While Simplified General Perturbation models (SGP, SGP4, and SGP8) are applicable to the near-Earth objects with an orbital period of less than 225 min, Simplified Deep Space Perturbations models (SDP4 and SDP8) are applicable to the objects with an orbital period greater than 225 min. In the orbital lifetime analysis module (Module-2), the orbital lifetime for the near-Earth objects perturbed by the atmospheric drag and Earth oblateness is estimated using the TLEs, and orbital elements in the TEME frame are calculated according to the lifetime. The orbital elements at the end of the lifetime can be used as an initial condition for the reentry survivability analysis.
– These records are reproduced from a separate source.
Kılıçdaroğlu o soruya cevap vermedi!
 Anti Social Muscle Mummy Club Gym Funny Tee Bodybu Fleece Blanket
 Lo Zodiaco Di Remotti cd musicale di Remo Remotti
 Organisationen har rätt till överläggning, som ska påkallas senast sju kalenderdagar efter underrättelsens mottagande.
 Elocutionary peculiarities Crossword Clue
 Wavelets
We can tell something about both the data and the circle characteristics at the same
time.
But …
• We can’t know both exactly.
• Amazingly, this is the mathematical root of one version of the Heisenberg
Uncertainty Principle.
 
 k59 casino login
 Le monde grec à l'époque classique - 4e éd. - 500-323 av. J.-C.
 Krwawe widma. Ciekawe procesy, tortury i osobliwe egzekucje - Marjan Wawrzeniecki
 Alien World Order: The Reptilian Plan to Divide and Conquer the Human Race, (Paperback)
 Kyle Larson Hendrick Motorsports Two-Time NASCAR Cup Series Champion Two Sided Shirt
The transformation from the classical orbital element set to the spherical (ADBARV) coordinate system based on the Earth-Centered Earth-Fixed (ECEF) or Earth-Centered Inertial (ECI) reference frames is made for this (Chobotov, 1996). The survivability module (Module-3) is then used to analyze the reentry trajectory and survivability of the orbiting objects through a proper modeling process (e.g., shape, size, material, etc.) to be discussed in detail in the following section. As mentioned, the Module-1 in the figure predicts the position and velocity of the orbiting object. The simplified models used in this module are well known to predict osculating orbits from the TLEs. However, these models are not suitable for a long-term prediction because a constant ballistic coefficient is used in the drag term and the effect of drag on the density model is neglected (Vallado, 1997). And the approach usually requires a long time to calculate to capture the behaviour of the osculating orbits. For these reasons, the Module-2 is considered to estimate a decay orbital lifetime of the low-altitude object. For a long-term prediction (lifetime estimation) of the near-Earth objects, perturbations by atmospheric drag and Earth oblateness are the most dominant and important (Liu and Alford, 1980). In the Module-2, the semi-analytic

Fig. 1. Block diagram of the integrated system.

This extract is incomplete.